- **Exercise prompt**:
Set the images aside and retype the whole listing exactly.

- **Material provided**:
Segment Open
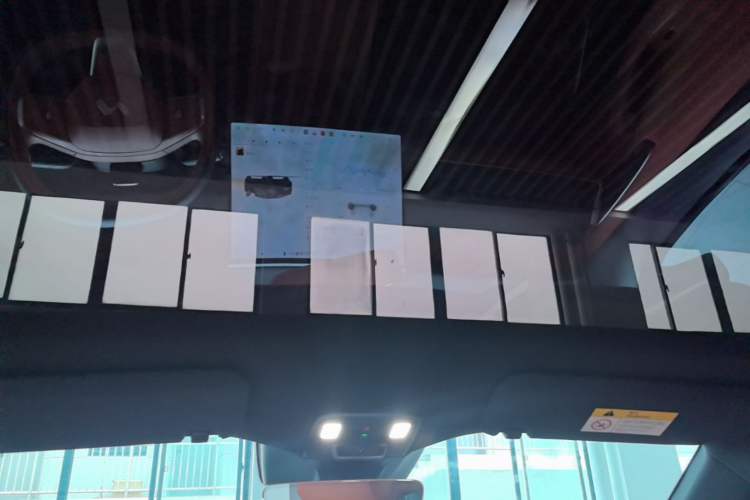 Used ONVO L60 2024 60 kWh Rear-Drive Version Headliner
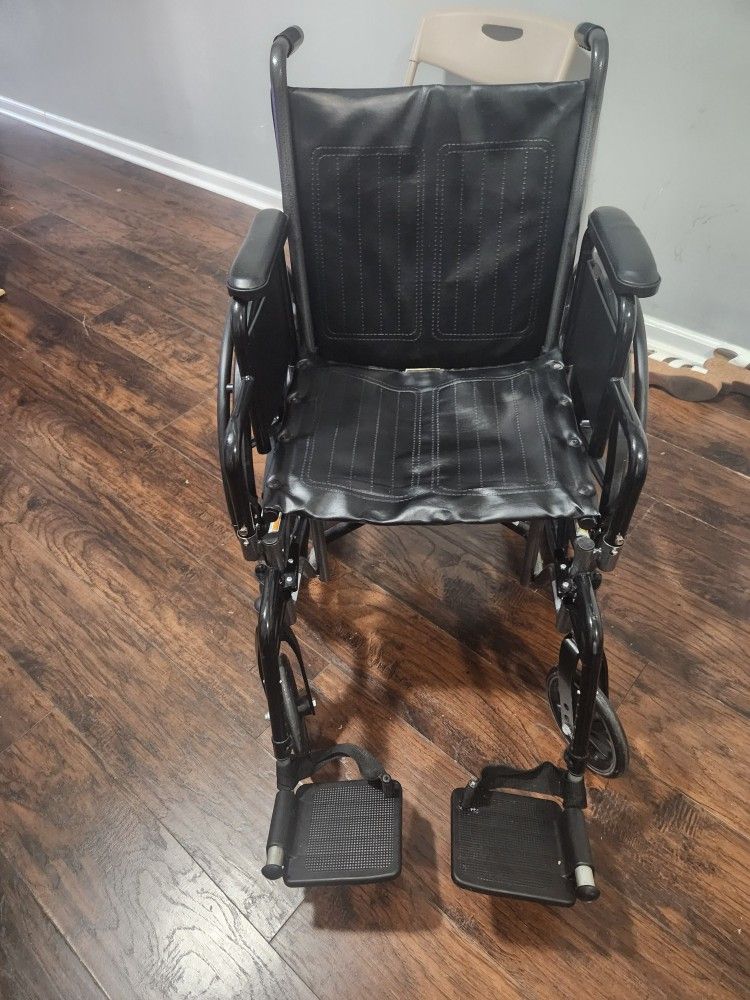 Wheelchair 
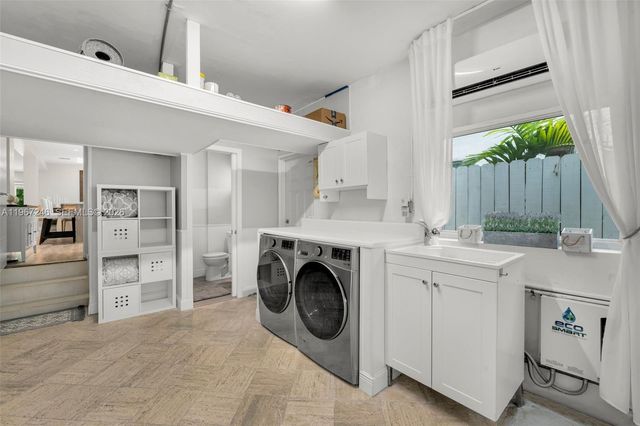 736 W 51 Street, Miami Beach, FL 33140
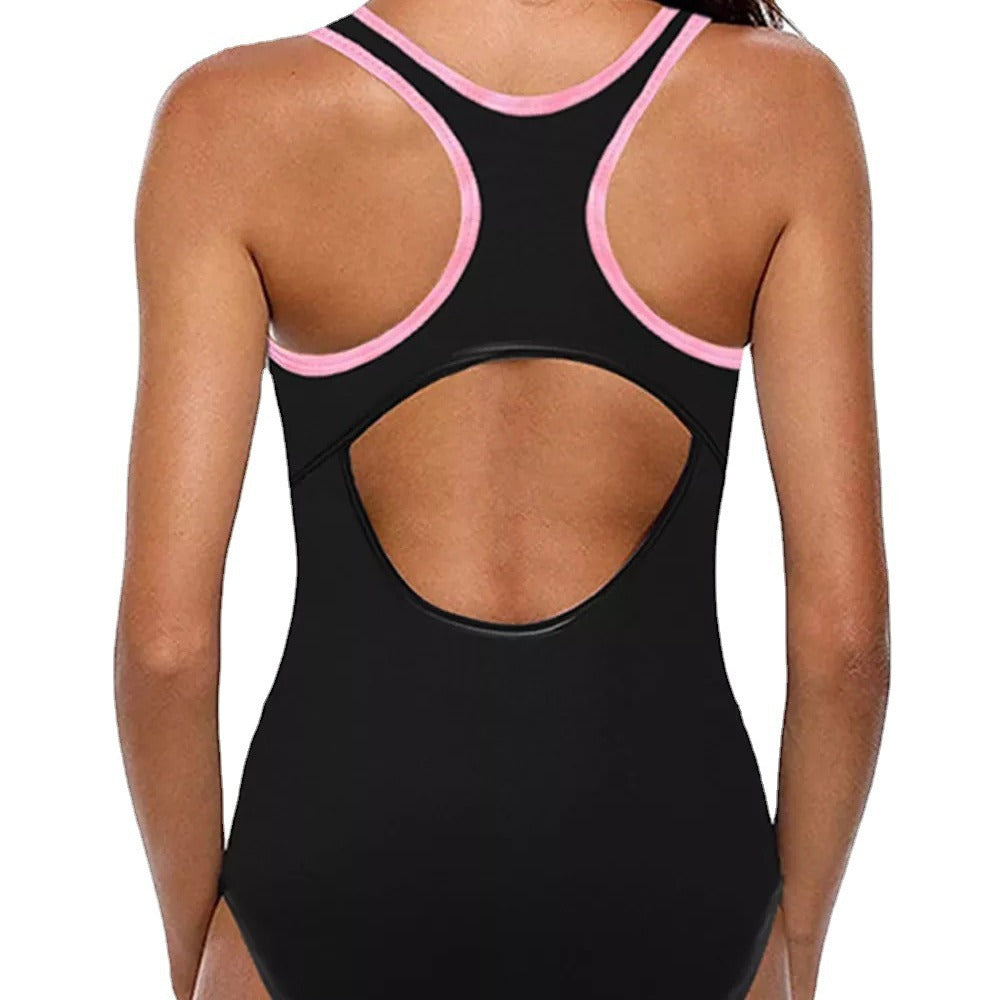 Damen Sportlicher Badeanzug mit figurformendem Schnitt und kontrastierenden Seiteneinsätzen WW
Segment Closed
- **Written reply**:
 Used ONVO L60 2024 60 kWh Rear-Drive Version Headliner
 Wheelchair 
 736 W 51 Street, Miami Beach, FL 33140
 Damen Sportlicher Badeanzug mit figurformendem Schnitt und kontrastierenden Seiteneinsätzen WW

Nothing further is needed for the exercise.